Ook toont de ervaring ons aan, dat dit volmaakte geluk niet kan gevonden worden in deze wereld. Niemand ziet in dit leven God van aangezicht tot aangezicht. Bovendien, volmaakt geluk laat niets te wensen over. Maar echt geluk moet blijvend zijn; anders zou de mens kunnen verlangen, dat het dit zou zijn. Omdat het tegenwoordige leven eindigt in de dood, is geen enkel tegenwoordig geluk blijvend en daarom kan het ook geen volmaakt geluk zijn.
Volmaakt geluk kan slechts bereikt worden in het volgende leven, enkel in de eeuwigheid.

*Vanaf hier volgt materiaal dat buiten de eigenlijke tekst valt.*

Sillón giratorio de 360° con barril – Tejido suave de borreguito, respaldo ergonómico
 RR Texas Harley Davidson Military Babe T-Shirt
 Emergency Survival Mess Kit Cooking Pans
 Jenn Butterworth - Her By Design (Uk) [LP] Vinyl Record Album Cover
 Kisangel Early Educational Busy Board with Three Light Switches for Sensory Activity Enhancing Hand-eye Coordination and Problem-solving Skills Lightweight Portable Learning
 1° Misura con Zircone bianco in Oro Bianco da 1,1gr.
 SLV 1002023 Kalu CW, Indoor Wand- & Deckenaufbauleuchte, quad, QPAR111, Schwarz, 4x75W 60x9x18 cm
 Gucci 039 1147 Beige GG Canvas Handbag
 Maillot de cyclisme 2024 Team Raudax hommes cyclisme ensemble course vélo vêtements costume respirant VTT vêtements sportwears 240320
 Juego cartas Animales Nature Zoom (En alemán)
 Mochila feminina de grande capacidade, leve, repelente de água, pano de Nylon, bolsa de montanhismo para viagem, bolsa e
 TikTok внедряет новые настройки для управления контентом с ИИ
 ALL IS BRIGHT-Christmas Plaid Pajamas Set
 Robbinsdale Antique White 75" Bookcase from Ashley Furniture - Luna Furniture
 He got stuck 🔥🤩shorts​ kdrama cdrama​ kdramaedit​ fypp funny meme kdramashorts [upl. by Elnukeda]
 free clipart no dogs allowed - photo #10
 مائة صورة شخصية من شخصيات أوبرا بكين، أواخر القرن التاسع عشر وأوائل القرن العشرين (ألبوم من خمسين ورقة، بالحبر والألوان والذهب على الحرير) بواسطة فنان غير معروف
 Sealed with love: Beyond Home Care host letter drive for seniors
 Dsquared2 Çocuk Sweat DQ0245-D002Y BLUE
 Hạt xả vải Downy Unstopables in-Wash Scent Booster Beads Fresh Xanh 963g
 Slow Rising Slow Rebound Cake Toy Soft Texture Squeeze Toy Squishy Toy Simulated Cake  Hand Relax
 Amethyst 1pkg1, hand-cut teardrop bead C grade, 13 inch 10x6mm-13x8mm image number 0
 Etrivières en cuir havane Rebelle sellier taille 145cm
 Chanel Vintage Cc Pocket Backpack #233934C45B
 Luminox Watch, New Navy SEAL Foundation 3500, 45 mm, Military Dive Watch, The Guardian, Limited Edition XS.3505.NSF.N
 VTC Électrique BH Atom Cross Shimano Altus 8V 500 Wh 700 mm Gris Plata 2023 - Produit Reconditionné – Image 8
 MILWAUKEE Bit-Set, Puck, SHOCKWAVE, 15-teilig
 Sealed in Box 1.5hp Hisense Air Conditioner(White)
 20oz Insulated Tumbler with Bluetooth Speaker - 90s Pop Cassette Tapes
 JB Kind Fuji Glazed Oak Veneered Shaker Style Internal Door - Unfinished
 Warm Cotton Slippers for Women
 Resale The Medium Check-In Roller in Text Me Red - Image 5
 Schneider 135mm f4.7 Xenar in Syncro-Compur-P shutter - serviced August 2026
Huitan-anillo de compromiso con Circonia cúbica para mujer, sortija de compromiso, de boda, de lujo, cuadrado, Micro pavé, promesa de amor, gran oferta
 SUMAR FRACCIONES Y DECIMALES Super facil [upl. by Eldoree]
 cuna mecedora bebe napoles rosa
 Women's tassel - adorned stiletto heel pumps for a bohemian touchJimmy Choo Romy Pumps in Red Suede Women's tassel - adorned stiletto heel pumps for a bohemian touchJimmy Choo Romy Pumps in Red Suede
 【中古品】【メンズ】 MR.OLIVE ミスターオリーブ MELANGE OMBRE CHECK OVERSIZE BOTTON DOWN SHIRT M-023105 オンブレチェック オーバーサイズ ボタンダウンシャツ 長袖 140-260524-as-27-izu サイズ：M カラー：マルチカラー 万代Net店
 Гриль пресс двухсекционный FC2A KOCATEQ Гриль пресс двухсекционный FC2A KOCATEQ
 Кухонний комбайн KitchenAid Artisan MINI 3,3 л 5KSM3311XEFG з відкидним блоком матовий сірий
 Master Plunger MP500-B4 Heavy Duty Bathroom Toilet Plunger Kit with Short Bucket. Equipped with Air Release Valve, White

Zoals het leven in het zaad van een appel geen boom, geen bloesem en geen vrucht kan voortbrengen, tenzij het zaad sterft in de aarde, zo zal ook de vrije wil van de mens, zelfs met de genade van God, de vrucht van volmaakt geluk niet voortbrengen, voordat de mens sterft en opgroeit in de eeuwigheid.
Hoe dwaas zijn die mensen, die verdrietig schreeuwen om volmaakt geluk in dit leven. Zij zijn als een oververmoeid kind, dat huilt en met de voeten stampt en zijn vuistjes balt naar zijn vader, omdat het niet zo lang mag opblijven als zijn ouders. Als het kind opgroeit en sterker wordt, zal zijn kinderlijke zwakheid plaatsmaken voor de kracht van de rijpheid. Zo is het ook met het leven van de mensen in God. In de tegenwoordige wereld zijn wij als kinderen, die moeten bevredigd worden met de taak en het genot, dat aan kinderen eigen is. Als wij leven in overeenstemming met de vermogens en de gedragsregels die God, onze hemelse Vader, ons schenkt, zullen wij eens opgroeien tot de eeuwigdurende dag van blijvend geluk.